- Born: March 20, 1867 Oskaloosa, Iowa
- Died: July 10, 1902 Philippine Islands
- Military career
- Allegiance: United States of America
- Branch: United States Army
- Service years: 1898 – 1902
- Rank: Second Lieutenant
- Unit: Company E, 36th Infantry, U.S. Army Volunteers
- Conflicts: Philippine–American War
- Awards: Medal of Honor

= John A. Huntsman =

United States Army Medal of Honor recipient

John A. Huntsman (March 20, 1867 – July 10, 1902) was a United States Army sergeant who received the Medal of Honor for action in 1899 during the Philippine–American War.

==Biography==
Huntsman spent part of his childhood farming in Oskaloosa, Iowa. He enlisted in the Kansas' National Guard in April 1898. He arrived in Manila during November 1898, serving with the 20th Kansas Volunteer Infantry, which took part in the initial hostilities between Aguinaldo and the U.S. in February 1899.

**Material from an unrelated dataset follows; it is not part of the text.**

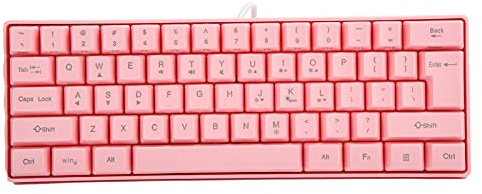 VBESTLIFE V700 RGB-Tastatur mit Hintergrundbeleuchtung, 61 Tasten Wired USB Gaming Mechanisch Beleuchtete Tastatur für Laptops und Desktop-Computer, Rosa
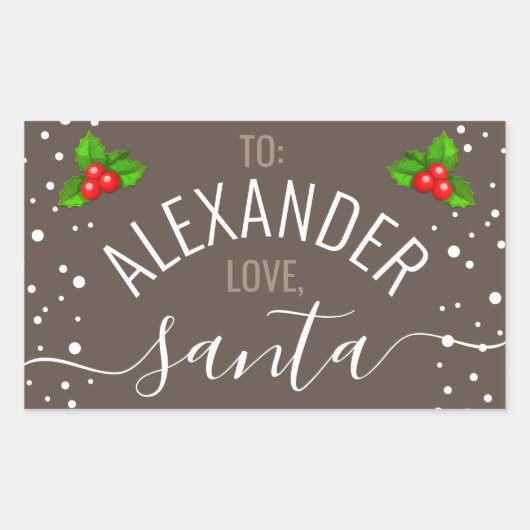 "ラブサンタ"名前をカスタムするタウペホリデイ 長方形シール (正面)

From April to June 1899, Huntsman served with Major J. Franklin Bell's scouts. Bell, of the 2nd Division, was an engineer but often served as the unit's chief scout. After the unit was relieved from active duty in June, Huntsman joined the 36th Infantry, U.S. Volunteers. The Army had offered a $500 bonus to those re-enlisting from state regiments, and the 36th consisted primarily of those recruited in the Philippines. He eventually reached the rank of second lieutenant.

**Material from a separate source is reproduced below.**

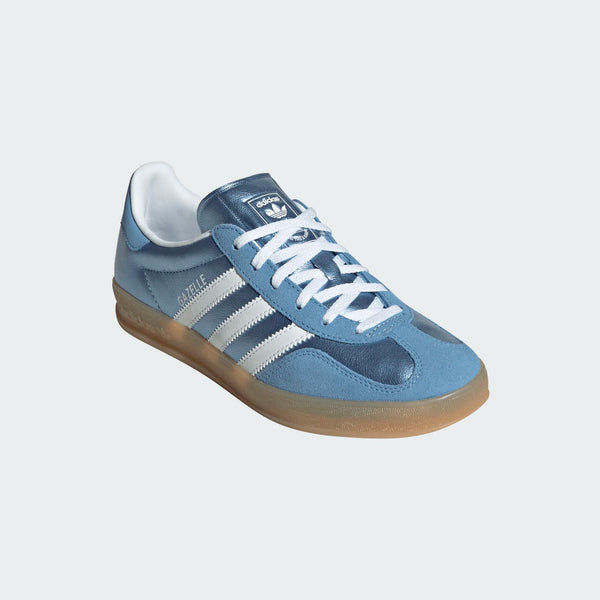 womens adidas gazelle indoor (blue/cloud white)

Huntsman remained in the Philippines as a construction superintendent. Huntsman died from cholera on July 10, 1902.

==Medal of Honor citation==
Rank and organization: Sergeant, Company E, 36th Infantry, U.S. Volunteers. Place and date: At Bamban, Luzon, Philippine Islands, November 9, 1899. Entered service at: Lawrence, Kans. Birth: Oskaloosa County, Iowa. Date of issue: March 26, 1902.

Citation:
For distinguished bravery and conspicuous gallantry in action against insurgents.